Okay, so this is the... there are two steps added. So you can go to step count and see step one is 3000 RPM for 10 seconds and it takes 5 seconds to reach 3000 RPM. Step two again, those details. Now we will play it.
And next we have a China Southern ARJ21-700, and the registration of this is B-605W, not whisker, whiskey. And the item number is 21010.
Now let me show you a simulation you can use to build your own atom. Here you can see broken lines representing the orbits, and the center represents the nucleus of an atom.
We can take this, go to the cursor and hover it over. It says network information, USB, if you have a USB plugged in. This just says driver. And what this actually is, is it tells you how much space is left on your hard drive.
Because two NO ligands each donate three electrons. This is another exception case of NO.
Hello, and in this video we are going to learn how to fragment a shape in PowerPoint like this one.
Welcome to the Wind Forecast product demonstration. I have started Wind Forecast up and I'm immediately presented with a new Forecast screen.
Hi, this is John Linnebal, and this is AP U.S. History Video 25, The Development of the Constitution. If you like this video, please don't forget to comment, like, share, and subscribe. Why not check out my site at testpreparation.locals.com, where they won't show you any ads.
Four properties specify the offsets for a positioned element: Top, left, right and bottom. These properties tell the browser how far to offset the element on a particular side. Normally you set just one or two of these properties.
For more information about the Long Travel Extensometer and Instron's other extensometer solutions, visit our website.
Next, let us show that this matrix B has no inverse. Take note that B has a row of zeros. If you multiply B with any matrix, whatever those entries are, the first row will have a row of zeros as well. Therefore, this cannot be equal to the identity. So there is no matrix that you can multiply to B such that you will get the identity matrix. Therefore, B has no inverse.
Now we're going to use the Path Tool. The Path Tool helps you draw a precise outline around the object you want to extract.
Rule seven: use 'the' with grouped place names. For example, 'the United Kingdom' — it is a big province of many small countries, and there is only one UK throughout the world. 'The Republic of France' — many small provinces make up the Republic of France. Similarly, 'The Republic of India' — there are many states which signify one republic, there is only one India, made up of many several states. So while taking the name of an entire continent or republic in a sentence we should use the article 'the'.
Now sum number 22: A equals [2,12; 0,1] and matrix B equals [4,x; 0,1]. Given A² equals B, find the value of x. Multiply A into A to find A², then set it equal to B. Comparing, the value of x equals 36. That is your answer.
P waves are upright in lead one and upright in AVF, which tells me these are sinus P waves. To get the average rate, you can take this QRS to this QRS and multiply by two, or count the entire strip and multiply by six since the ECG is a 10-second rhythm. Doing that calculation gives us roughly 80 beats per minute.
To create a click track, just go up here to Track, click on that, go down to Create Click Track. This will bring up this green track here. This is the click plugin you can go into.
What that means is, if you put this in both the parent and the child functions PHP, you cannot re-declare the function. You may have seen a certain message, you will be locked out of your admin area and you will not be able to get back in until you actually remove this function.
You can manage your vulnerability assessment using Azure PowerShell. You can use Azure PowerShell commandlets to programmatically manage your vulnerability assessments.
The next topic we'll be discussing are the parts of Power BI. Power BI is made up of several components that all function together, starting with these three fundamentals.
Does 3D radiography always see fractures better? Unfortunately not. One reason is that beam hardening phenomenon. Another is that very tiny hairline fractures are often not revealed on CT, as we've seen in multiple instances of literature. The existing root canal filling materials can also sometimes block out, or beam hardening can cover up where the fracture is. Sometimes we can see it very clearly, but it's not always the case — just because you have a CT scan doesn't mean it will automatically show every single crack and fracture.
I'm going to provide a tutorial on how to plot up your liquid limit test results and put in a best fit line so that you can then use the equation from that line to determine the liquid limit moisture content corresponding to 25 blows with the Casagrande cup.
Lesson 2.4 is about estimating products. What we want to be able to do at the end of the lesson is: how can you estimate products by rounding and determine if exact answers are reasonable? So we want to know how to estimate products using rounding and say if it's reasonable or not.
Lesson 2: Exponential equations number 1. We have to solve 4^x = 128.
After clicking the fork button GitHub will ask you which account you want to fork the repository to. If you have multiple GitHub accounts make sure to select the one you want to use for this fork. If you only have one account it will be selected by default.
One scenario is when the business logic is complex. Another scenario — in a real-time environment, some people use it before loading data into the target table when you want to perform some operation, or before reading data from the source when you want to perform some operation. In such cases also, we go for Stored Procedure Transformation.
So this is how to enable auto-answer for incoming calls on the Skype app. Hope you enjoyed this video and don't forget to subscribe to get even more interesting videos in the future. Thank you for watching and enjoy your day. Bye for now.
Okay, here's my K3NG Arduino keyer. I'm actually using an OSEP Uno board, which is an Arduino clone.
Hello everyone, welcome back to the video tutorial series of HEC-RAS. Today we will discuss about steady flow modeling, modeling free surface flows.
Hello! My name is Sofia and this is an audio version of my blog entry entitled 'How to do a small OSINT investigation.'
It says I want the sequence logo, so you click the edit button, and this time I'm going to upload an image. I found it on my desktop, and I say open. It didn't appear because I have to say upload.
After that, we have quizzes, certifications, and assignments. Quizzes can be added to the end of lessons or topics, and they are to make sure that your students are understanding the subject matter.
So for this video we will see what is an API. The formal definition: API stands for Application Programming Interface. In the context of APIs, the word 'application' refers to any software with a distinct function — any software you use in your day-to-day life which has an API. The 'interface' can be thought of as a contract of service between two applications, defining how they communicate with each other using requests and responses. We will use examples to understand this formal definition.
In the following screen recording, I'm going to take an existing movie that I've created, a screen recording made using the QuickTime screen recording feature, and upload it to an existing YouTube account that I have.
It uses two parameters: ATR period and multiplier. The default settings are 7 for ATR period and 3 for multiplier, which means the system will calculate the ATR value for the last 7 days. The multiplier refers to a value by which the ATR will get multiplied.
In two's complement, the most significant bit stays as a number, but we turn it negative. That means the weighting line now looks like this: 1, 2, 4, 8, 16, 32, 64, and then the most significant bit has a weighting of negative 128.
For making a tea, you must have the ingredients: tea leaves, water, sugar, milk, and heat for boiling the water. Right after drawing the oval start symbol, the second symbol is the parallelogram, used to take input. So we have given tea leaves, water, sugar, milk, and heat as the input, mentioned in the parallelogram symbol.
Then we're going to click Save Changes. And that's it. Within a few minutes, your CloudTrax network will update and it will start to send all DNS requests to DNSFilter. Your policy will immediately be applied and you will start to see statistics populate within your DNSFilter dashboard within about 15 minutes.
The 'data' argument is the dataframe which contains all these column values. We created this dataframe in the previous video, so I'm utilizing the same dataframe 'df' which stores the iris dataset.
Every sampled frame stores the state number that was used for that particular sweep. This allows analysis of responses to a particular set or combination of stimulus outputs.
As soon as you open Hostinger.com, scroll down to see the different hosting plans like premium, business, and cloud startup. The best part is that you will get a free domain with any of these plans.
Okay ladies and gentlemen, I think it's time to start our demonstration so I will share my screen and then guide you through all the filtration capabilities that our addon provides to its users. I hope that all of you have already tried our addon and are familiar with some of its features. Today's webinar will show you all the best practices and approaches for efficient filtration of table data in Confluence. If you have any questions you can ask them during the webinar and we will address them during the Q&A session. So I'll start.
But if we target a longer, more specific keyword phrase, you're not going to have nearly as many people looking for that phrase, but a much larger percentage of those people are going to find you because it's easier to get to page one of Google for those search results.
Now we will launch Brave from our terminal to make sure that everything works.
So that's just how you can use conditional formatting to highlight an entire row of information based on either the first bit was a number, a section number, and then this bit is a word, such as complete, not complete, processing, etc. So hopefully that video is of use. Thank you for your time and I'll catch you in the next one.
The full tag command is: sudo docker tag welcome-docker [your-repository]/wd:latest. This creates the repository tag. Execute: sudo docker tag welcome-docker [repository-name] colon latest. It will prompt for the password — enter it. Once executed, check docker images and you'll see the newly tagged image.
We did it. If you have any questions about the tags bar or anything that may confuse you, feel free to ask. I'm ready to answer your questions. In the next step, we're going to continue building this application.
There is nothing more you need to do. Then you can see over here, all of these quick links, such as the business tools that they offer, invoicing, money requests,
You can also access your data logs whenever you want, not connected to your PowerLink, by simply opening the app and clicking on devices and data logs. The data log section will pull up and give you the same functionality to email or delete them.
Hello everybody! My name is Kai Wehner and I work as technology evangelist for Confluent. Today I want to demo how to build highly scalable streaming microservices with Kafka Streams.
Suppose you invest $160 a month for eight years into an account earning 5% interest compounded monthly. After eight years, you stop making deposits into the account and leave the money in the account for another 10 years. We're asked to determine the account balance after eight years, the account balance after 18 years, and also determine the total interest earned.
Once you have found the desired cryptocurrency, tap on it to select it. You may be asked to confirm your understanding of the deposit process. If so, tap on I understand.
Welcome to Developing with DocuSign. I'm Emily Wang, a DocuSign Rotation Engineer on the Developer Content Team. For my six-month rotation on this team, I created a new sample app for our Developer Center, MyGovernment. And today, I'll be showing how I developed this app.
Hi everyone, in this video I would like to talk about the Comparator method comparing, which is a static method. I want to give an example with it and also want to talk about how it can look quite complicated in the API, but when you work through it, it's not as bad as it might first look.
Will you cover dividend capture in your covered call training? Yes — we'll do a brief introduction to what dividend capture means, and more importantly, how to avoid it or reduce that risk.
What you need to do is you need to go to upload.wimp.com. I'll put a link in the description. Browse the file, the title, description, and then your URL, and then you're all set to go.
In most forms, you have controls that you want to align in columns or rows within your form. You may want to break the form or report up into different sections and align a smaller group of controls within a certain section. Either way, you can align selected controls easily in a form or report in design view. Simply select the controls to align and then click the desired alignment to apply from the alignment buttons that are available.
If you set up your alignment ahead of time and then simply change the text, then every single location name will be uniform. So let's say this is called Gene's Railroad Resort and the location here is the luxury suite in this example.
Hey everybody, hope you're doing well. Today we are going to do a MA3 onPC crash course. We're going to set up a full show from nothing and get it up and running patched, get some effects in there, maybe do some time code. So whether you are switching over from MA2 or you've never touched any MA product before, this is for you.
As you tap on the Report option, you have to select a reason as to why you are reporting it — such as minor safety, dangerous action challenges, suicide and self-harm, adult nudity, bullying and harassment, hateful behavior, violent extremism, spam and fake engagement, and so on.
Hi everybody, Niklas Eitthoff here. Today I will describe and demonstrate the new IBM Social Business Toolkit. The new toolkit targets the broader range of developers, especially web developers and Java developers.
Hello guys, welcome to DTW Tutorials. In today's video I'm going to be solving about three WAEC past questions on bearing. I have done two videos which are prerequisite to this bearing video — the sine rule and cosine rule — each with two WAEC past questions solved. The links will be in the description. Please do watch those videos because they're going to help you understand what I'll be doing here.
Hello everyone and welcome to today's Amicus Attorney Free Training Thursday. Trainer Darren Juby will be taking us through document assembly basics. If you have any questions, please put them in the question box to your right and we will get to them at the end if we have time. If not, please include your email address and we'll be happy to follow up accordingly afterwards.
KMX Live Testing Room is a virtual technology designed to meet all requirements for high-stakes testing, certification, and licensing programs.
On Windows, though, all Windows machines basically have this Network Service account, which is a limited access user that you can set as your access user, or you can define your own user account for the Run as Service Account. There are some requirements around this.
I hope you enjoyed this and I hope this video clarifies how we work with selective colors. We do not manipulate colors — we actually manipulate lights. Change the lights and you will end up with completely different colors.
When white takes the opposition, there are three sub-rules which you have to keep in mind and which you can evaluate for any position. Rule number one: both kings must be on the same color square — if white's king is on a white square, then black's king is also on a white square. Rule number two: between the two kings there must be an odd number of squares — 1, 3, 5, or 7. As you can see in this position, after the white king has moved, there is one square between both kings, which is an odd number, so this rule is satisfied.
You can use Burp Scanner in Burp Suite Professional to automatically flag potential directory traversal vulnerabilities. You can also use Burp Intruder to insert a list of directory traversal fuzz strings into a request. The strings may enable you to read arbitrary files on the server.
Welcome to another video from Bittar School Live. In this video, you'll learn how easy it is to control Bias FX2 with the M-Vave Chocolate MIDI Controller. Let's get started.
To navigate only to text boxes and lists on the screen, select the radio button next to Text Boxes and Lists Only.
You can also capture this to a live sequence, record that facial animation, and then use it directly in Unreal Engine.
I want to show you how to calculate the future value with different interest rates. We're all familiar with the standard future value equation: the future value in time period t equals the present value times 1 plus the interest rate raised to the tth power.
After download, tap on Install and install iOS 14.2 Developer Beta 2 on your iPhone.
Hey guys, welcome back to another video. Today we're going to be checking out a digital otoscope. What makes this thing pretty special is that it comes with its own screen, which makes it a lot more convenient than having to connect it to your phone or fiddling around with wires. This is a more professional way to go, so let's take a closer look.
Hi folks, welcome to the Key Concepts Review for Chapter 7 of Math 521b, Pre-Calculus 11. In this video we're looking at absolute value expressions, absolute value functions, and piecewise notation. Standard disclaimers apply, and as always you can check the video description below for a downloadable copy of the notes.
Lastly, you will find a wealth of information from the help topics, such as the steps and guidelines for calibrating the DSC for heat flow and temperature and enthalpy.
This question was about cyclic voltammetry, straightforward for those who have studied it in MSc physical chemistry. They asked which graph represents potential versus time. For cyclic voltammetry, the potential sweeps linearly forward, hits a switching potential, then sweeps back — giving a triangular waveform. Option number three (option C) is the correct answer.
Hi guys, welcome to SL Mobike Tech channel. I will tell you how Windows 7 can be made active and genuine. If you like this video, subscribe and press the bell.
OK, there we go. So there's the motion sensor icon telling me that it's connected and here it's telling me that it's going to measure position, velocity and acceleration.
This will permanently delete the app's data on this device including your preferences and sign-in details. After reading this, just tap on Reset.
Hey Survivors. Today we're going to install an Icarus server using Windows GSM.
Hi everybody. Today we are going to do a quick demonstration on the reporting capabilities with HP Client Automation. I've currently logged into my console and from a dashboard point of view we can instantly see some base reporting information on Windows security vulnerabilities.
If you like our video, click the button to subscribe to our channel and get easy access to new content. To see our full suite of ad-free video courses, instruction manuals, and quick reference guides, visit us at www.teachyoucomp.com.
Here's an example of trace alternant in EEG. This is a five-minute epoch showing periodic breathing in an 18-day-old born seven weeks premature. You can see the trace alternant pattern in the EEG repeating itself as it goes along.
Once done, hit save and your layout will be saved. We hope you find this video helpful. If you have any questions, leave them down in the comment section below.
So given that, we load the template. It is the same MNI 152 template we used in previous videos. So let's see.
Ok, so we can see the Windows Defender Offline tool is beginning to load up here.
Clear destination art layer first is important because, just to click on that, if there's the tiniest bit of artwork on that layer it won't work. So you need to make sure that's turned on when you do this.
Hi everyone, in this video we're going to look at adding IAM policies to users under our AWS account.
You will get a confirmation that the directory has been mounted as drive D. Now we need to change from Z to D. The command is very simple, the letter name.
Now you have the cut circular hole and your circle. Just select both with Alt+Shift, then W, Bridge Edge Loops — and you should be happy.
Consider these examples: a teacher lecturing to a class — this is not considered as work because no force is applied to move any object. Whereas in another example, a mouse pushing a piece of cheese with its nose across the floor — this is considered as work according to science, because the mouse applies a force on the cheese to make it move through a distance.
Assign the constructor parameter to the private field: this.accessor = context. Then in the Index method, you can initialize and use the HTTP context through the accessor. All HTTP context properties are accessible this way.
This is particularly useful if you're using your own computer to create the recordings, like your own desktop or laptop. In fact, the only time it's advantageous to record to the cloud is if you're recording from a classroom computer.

*-*-*

• _What the task asks_: Among the records above, count the lines that include the word "context" and state the number by itself.

• _Result of the exercise_: 2